**ASSIGNMENT**
Could you write out exactly, and only, the lines from the one containing "Un restaurante con" through the last line of the data, leaving out all pictures?

**GIVEN RECORDS**
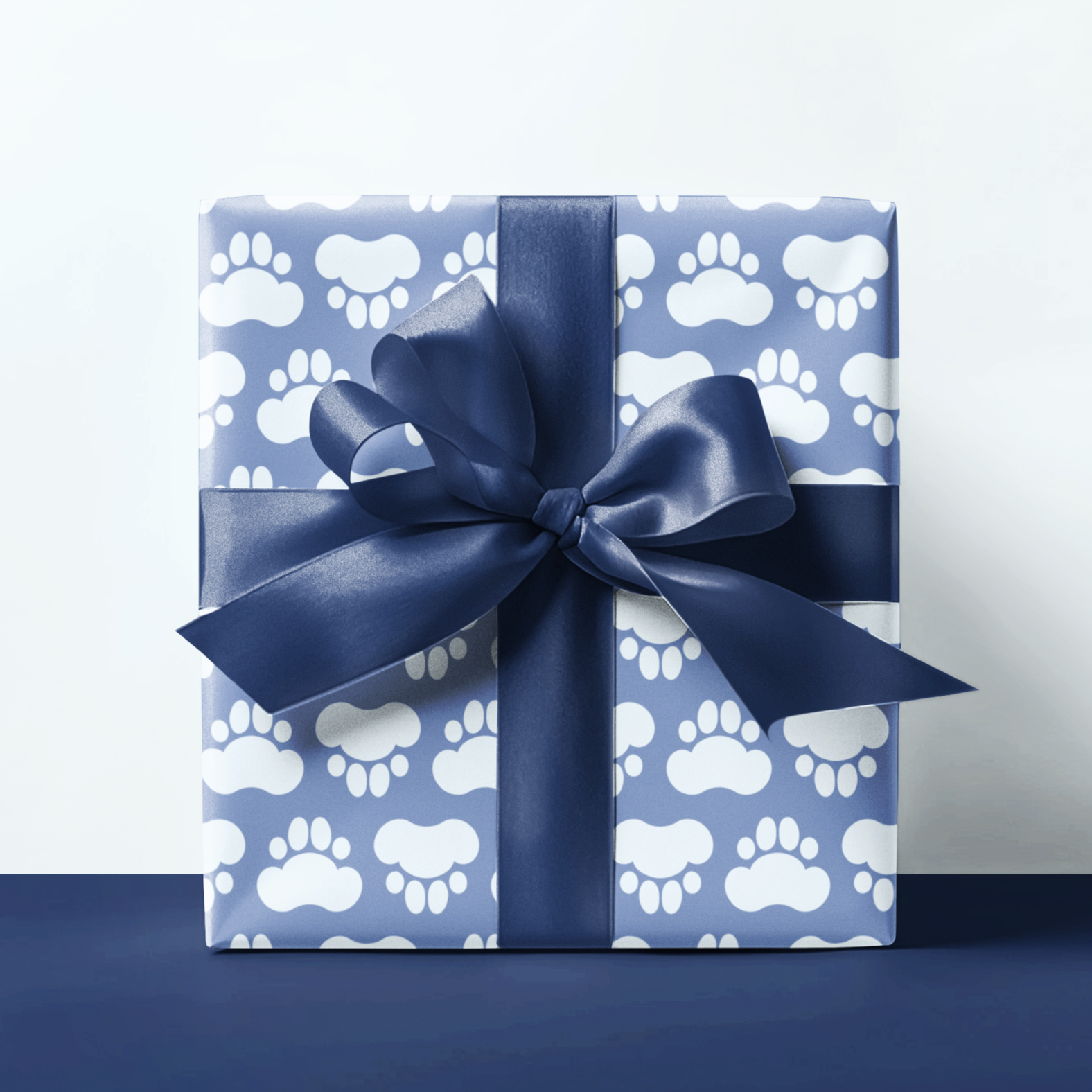 Gift box with paw print pattern and navy ribbon on a white background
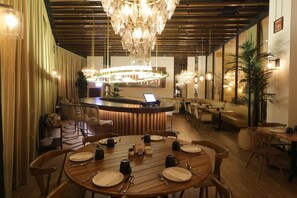 Un restaurante con mesas de madera preparadas para comer, una zona de bar al fondo y un candelabro colgando del techo.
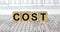 Word Cost made with wood building blocks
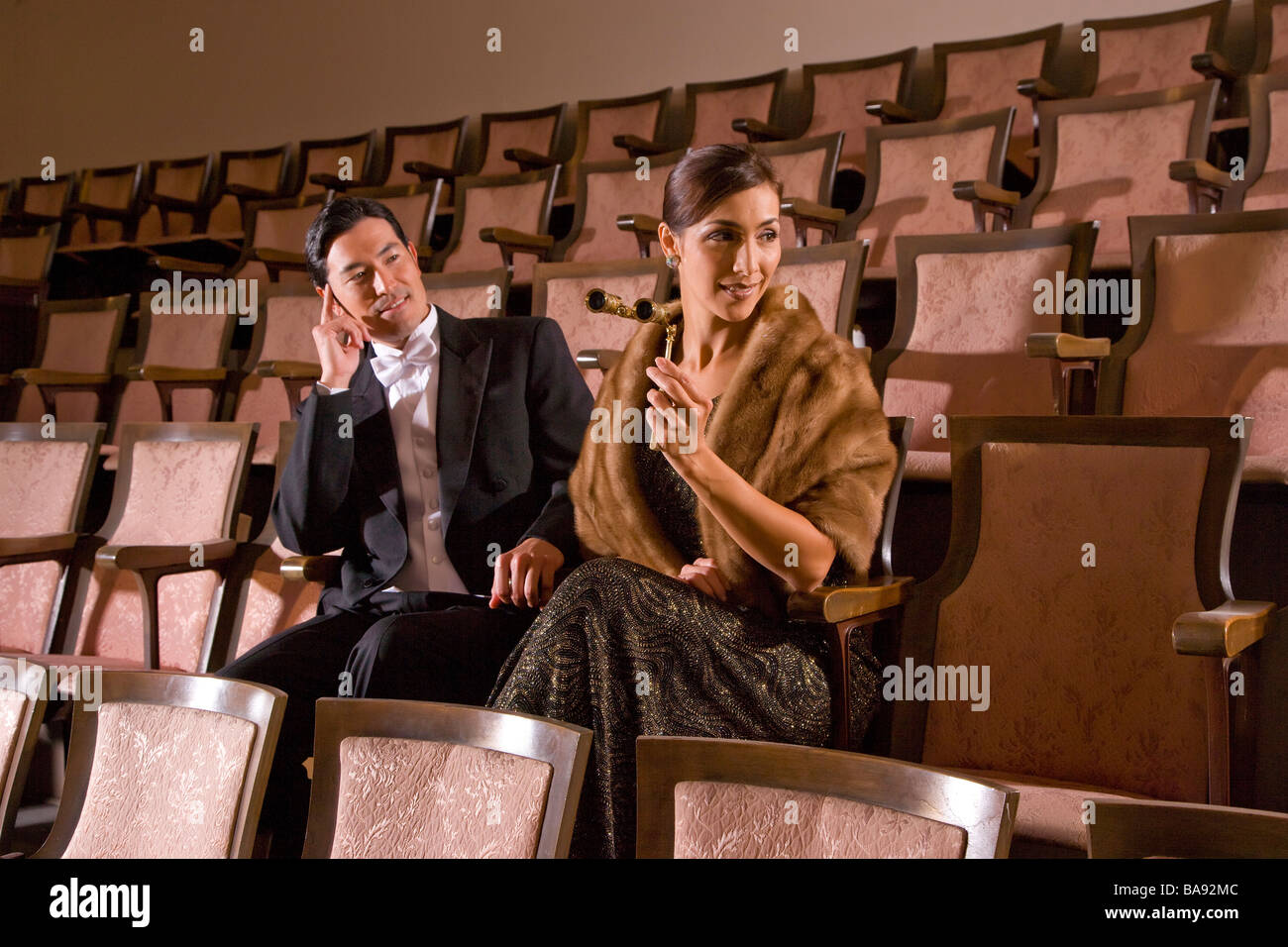 Elegant multi-racial couple on a date at the opera Stock Photo - Alamy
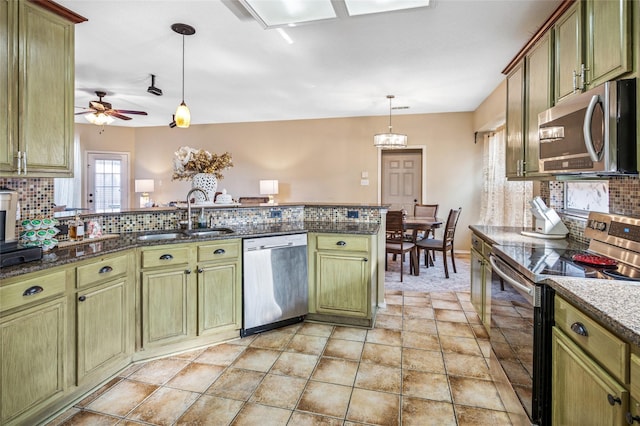 kitchen featuring stainless steel appliances, green cabinetry, a sink, decorative backsplash, and pendant lighting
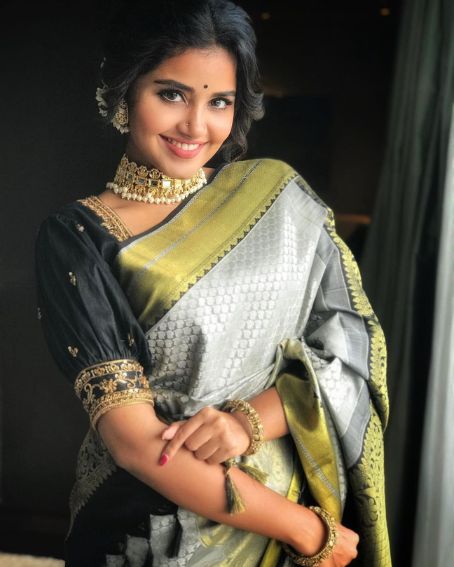 Anupama in Black and Gold Ash Pattu Saree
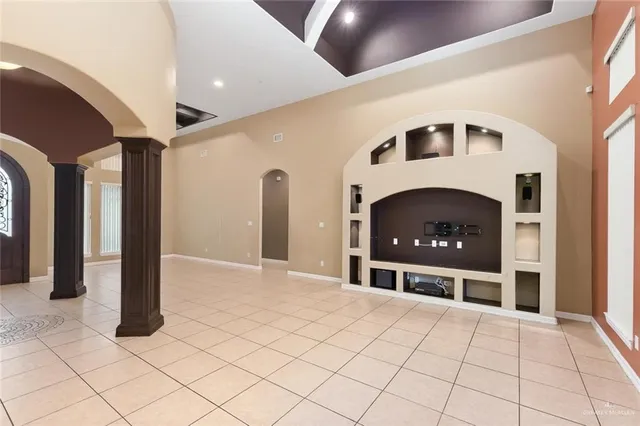 a front view of a house with a fireplace and chandelier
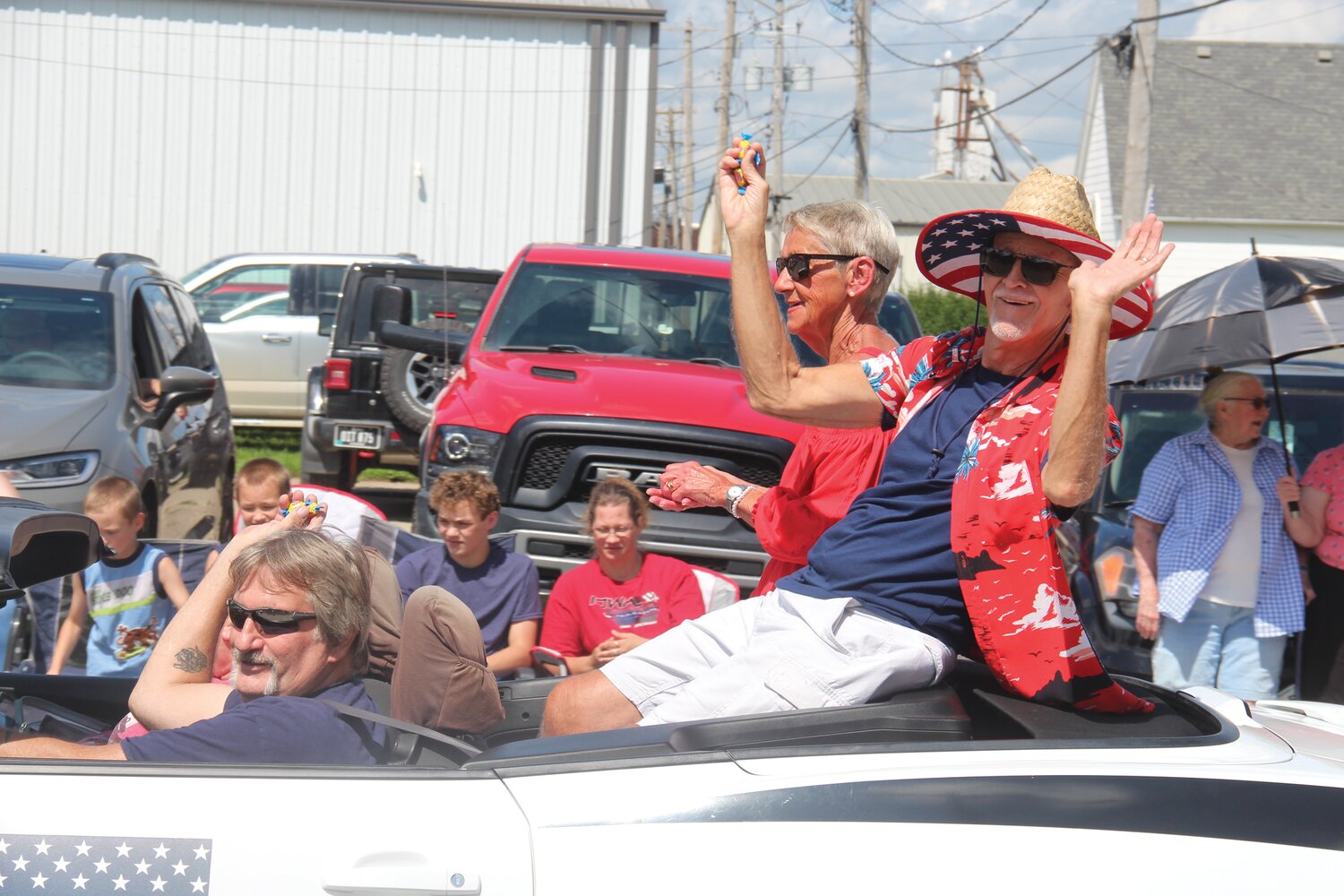 Grand Marshals Gretchen and Virgil Peterson, seated in the back of the car, were wheeled around in last year's parade by Wade and Theresa Lawson.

**ANSWER TO THE EXERCISE**
 Un restaurante con mesas de madera preparadas para comer, una zona de bar al fondo y un candelabro colgando del techo.
 Word Cost made with wood building blocks
 Elegant multi-racial couple on a date at the opera Stock Photo - Alamy
 kitchen featuring stainless steel appliances, green cabinetry, a sink, decorative backsplash, and pendant lighting
 Anupama in Black and Gold Ash Pattu Saree
 a front view of a house with a fireplace and chandelier
 Grand Marshals Gretchen and Virgil Peterson, seated in the back of the car, were wheeled around in last year's parade by Wade and Theresa Lawson.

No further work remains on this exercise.